Nationalratspräsident Pierre-André Page (SVP, FR) hat am heutigen Dienstag, 17. März 2026, den ungarischen Parlamentspräsidenten László Kövér im Rahmen von dessen Arbeitsbesuch in der Schweiz zu einem Gespräch empfangen. Die beiden Amtskollegen sprachen unter anderem über die bilateralen Beziehungen der beiden Länder sowie über das Verhältnis zur Europäischen Union (EU) und die aktuelle geopolitische Lage.

Die Schweiz und Ungarn unterhalten enge diplomatische Beziehungen, die von einer intensiven Zusammenarbeit – namentlich in den Bereichen Wirtschaft, Bildung und kultureller Austausch – gekennzeichnet sind. Im Jahr 2026 sind es 80 Jahre seit der Wiederaufnahme der diplomatischen Beziehungen zwischen den beiden Ländern. Deren bilaterale Beziehungen sind ferner stark geprägt vom gescheiterten Aufstand gegen den Sowjetkommunismus im Jahr 1956, in dessen Folge rund 12 000 ungarische Flüchtlinge Asyl in der Schweiz erhielten.

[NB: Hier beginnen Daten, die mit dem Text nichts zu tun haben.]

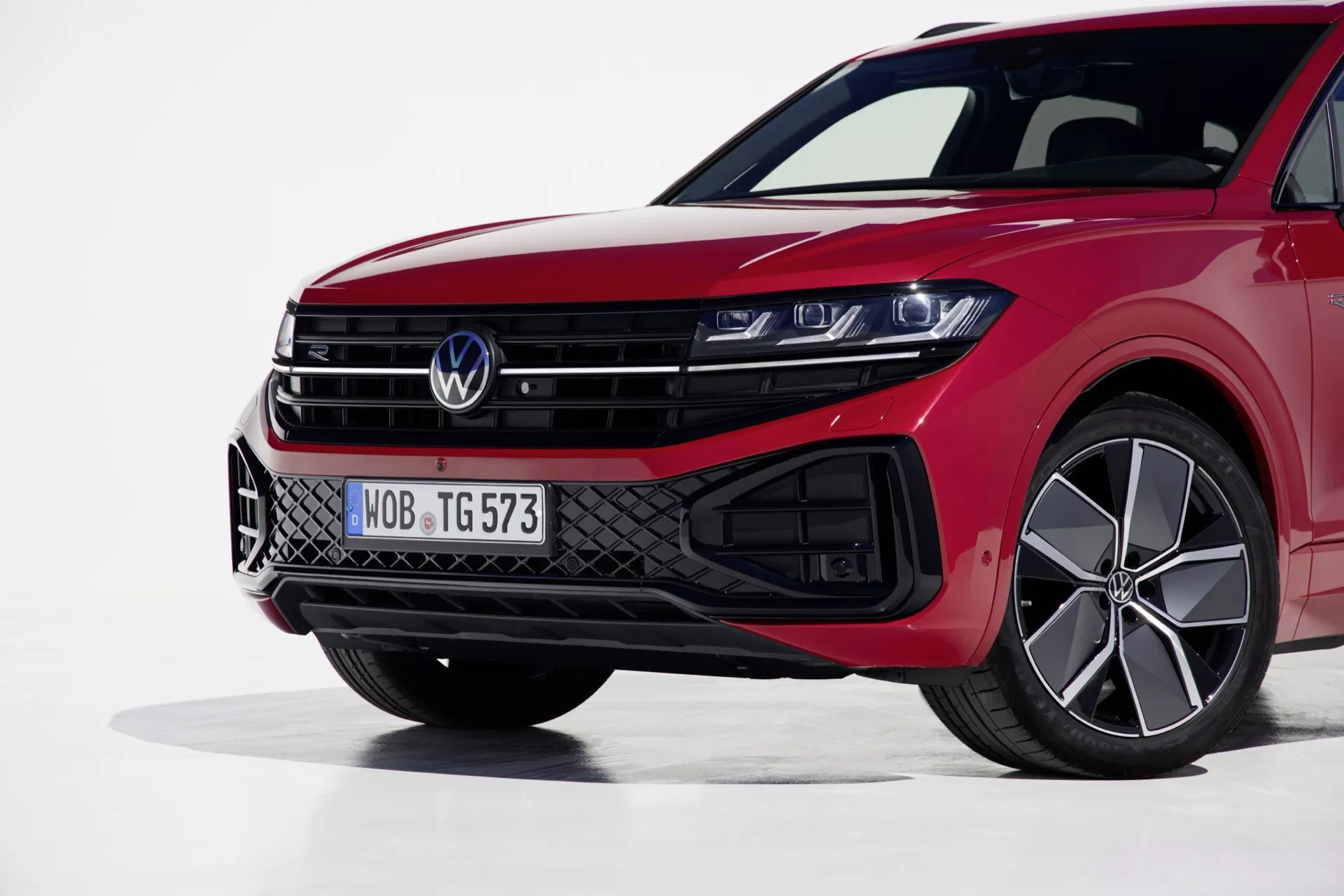 Vue de face gauche du Volkswagen Touareg 2023 mettant en évidence ses phares LED, sa grille sportive et sa finition rouge orientée performance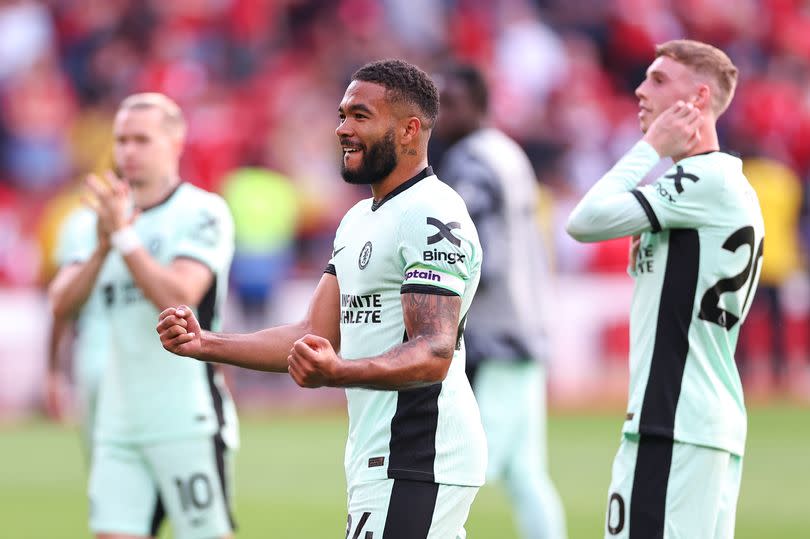 Reece James of Chelsea celebrates at full time during the Premier League match between Nottingham Forest and Chelsea FC at City Ground on May 11, 2024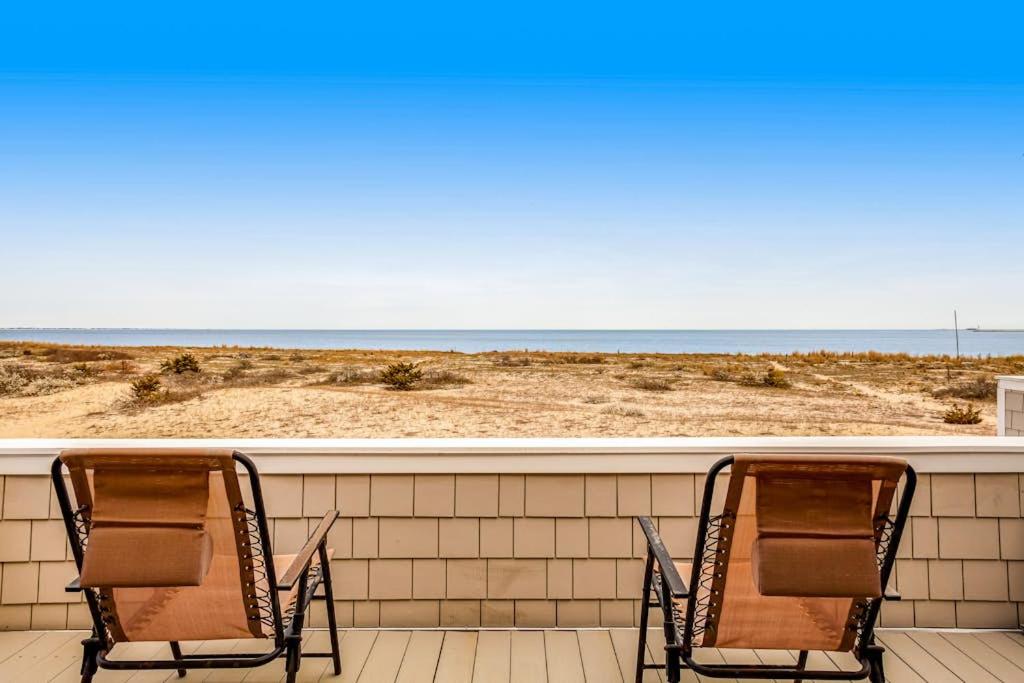 two chairs sitting on a balcony looking out at the beach at Lewes --- 6 Pilot Point in Lewes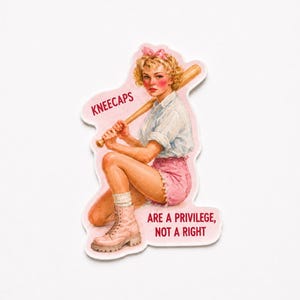 May include: A die-cut sticker featuring a blonde person with a pink hair bow, wearing a white collared shirt and pink shorts with tan boots, holding a wooden baseball bat. The text reads KNEECAPS ARE A PRIVILEGE, NOT A RIGHT in red letters.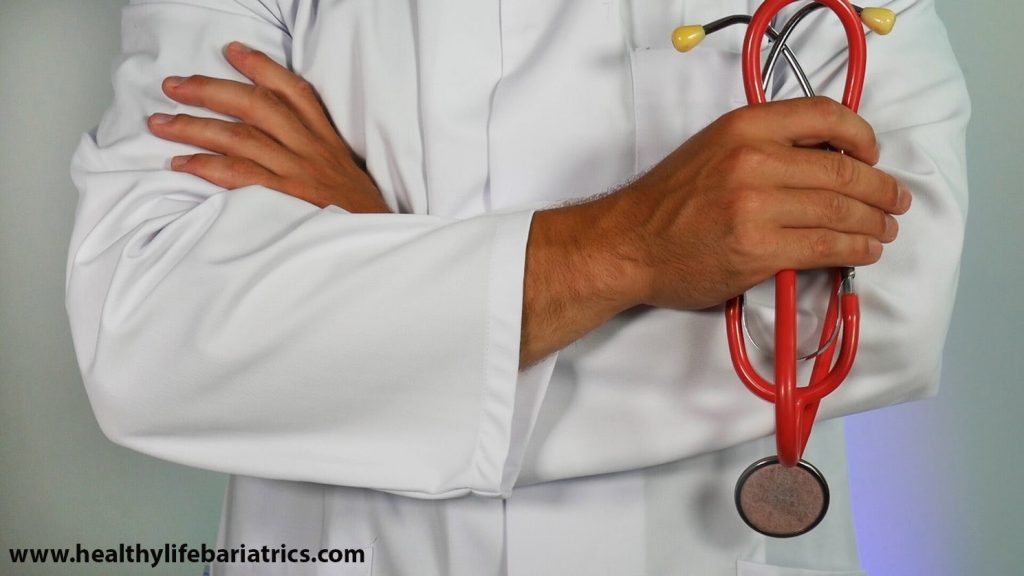 A doctor holding a stethoscope.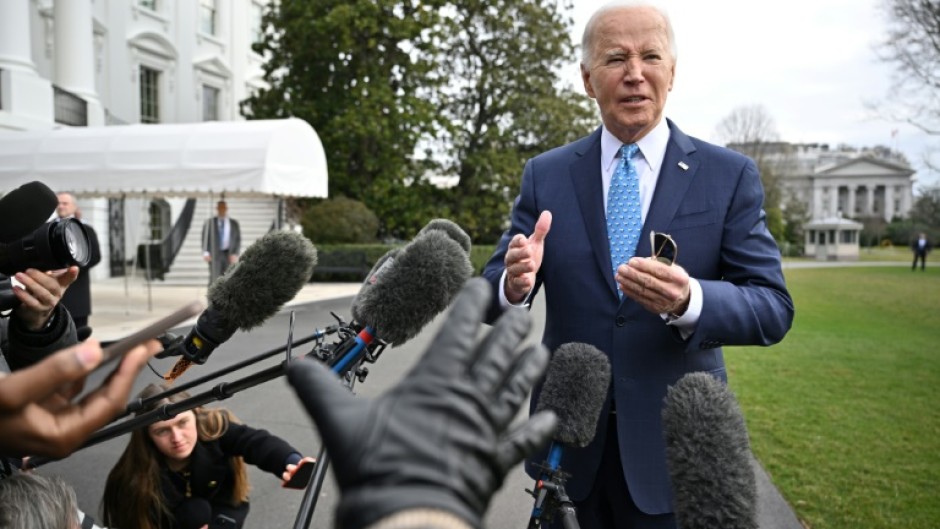 US President Joe Biden speaks to reporters before boarding Marine One on the South Lawn of the White House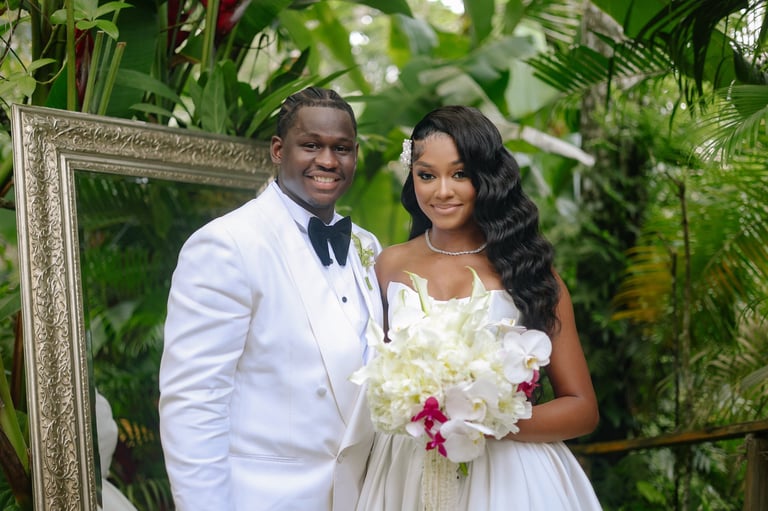 A groom in a white tuxedo and bow tie stands with a bride in a white dress holding a white and pink bouquet in a lush garden setting with a decorative frame behind them
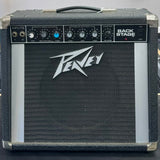 Peavey guitar amplifier with control panel and logo on a dark background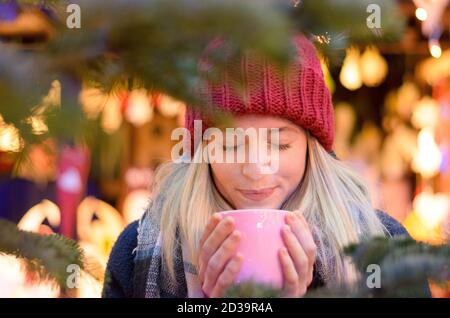 Freundliche junge Frau, die ein heißes Getränk genießen, wie sie besucht eine Straße Weihnachtsmarkt oder Messe umklammert eine große Tasse in den Händen gegen einen Bokeh bri Stockfoto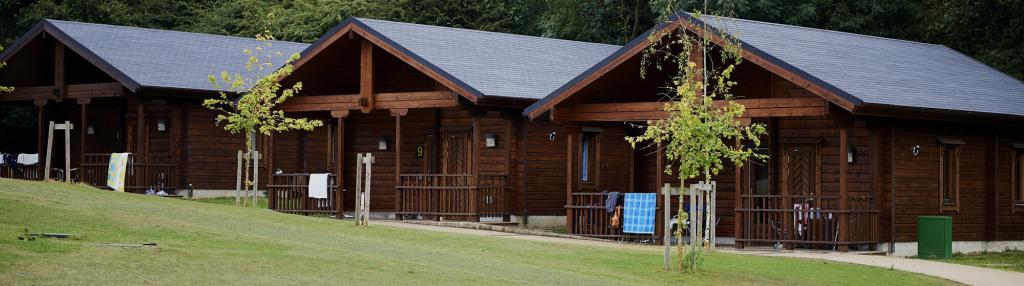 three log cabins at Danbury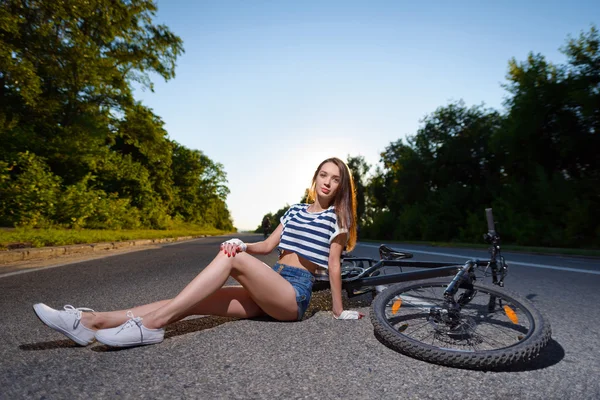 Chica con una bicicleta al atardecer — Foto de Stock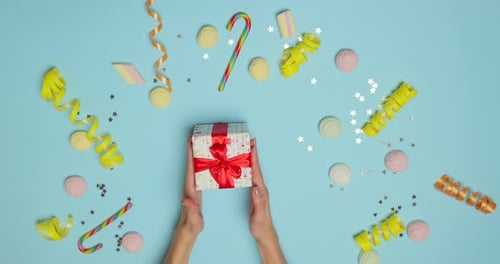 Top View Hands Put Christmas Presents at on Blue Background From Above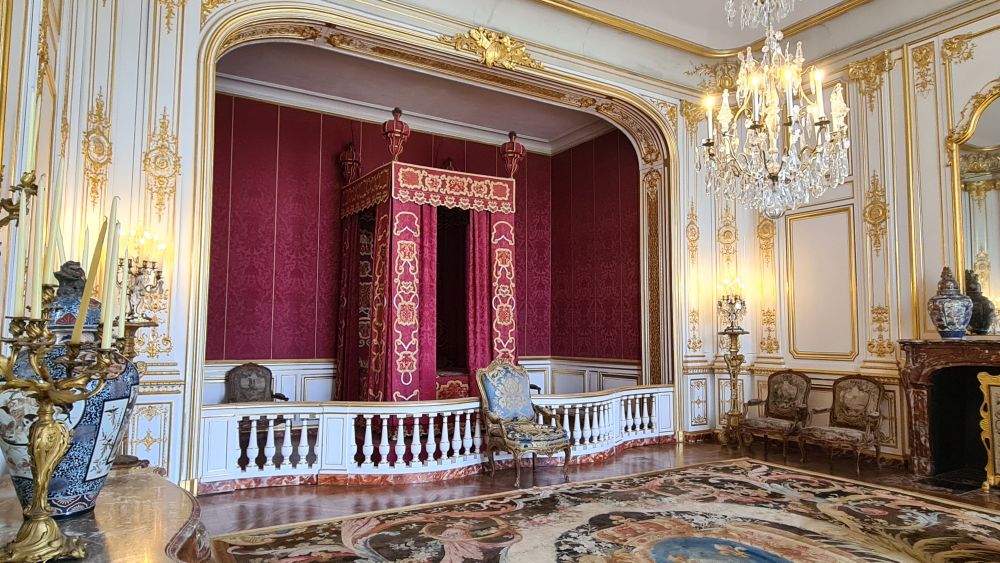 A large canopy bed in an alcove, separated from the rest of the room by a low fence. A chandelier, elegant gold-edge panelling.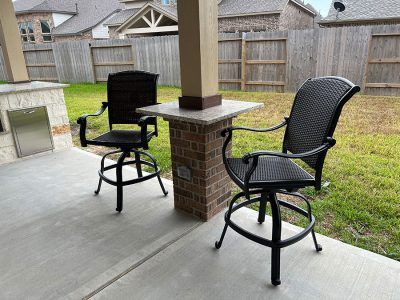 Two chairs are sitting on a patio next to a table.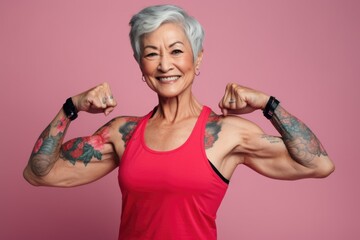 An older woman showcasing her strength by flexing her muscles. This image can be used to promote fitness and healthy aging - obrazy, fototapety, plakaty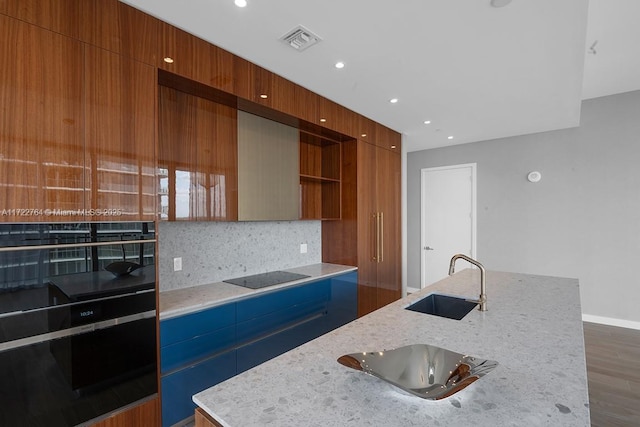 kitchen with a kitchen island with sink, sink, light stone countertops, and black electric cooktop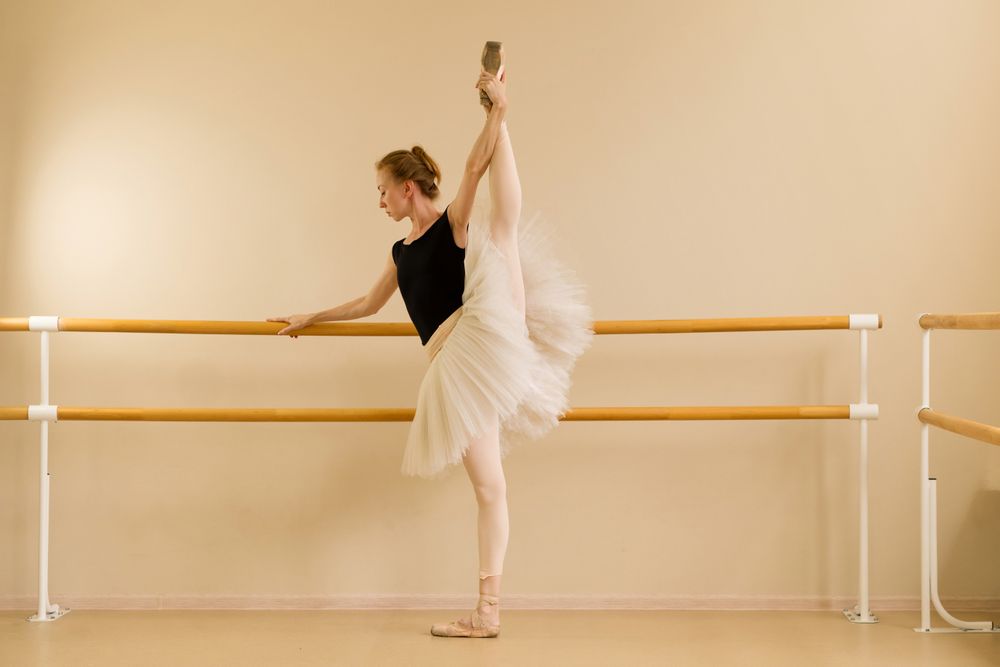 Ballet dancer maintaining high leg stretch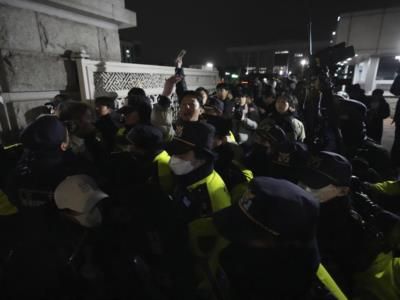 Police Guard National Assembly Amid Protests Over Martial Law Declaration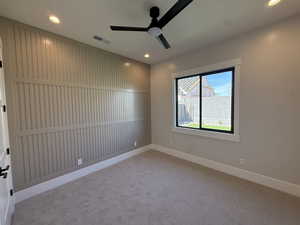 Empty room with a ceiling fan, light colored carpet, and recessed lighting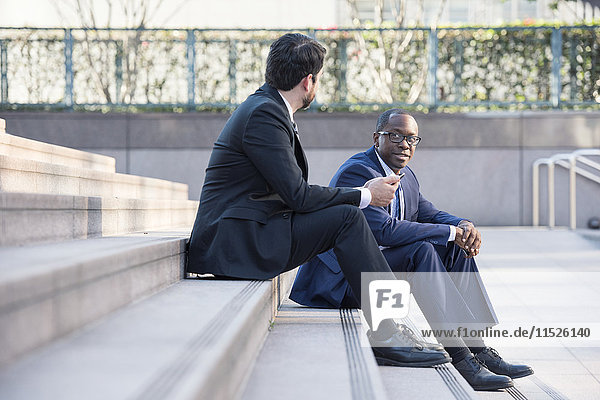 Two businessmen sitting on stairs talking
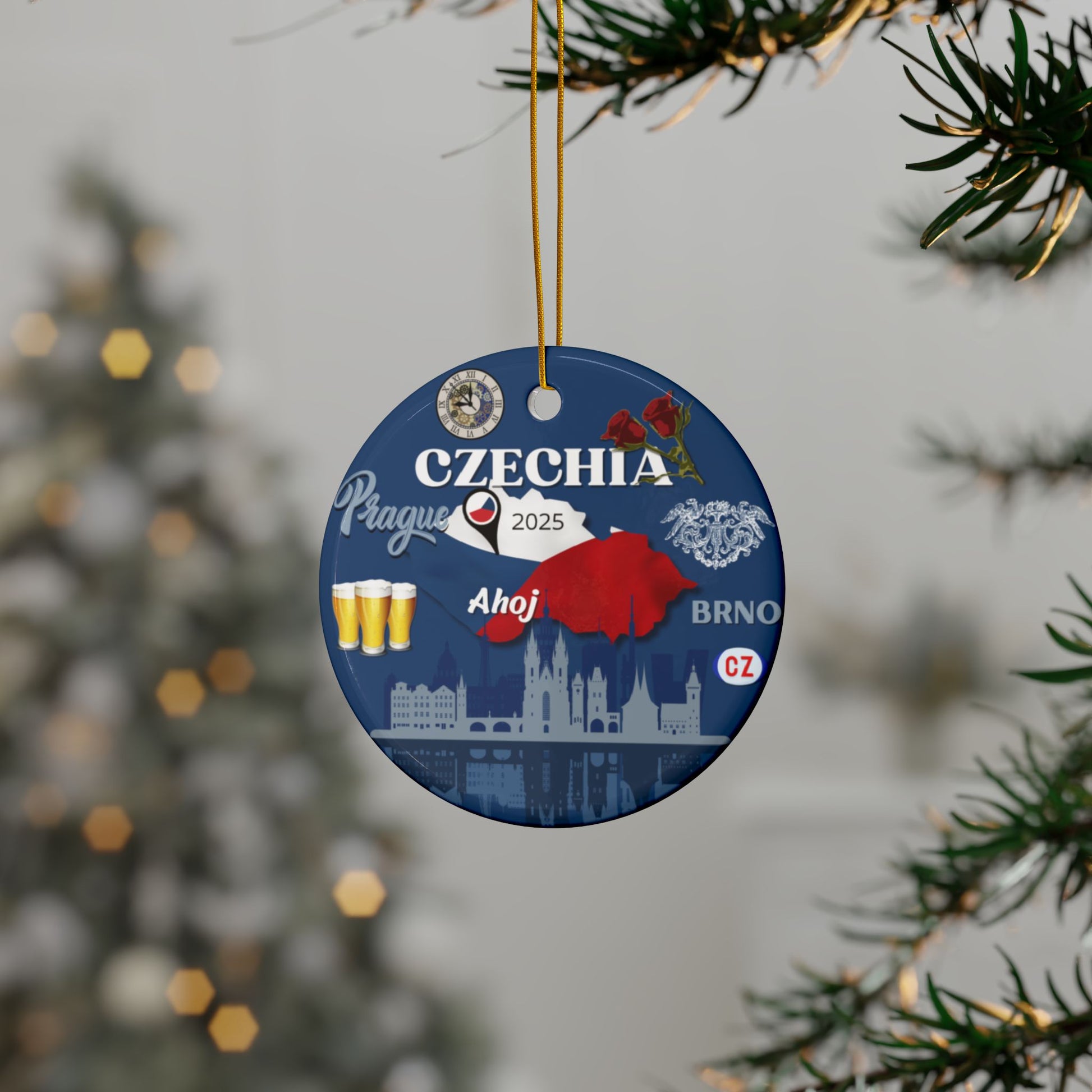 Decorative Christmas ornament with Czechia-themed design hanging on a tree.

Die beiden Präsidenten kamen auf die Zusammenarbeit bei Projekten, insbesondere im Bereich der Berufsbildung, zu sprechen, die über den zweiten Schweizer Erweiterungsbeitrag finanziert werden. Ungarn gehört zu den Empfängerländern des zweiten Schweizer Beitrags an ausgewählte EU-Mitgliedstaaten (2019–2029) und erhält in diesem Rahmen insgesamt 87,6 Millionen Franken. Unterstützt werden neben der Berufsbildung vor allem Programme in den Bereichen Ausbildung, Forschung und Innovation, Finanzierung von KMU, Bekämpfung von Menschenhandel, Energieeffizienz und erneuerbare Energieträger, Wasser- und Abwassermanagement, Gesundheit, soziale Sicherheit und Minderheitenschutz.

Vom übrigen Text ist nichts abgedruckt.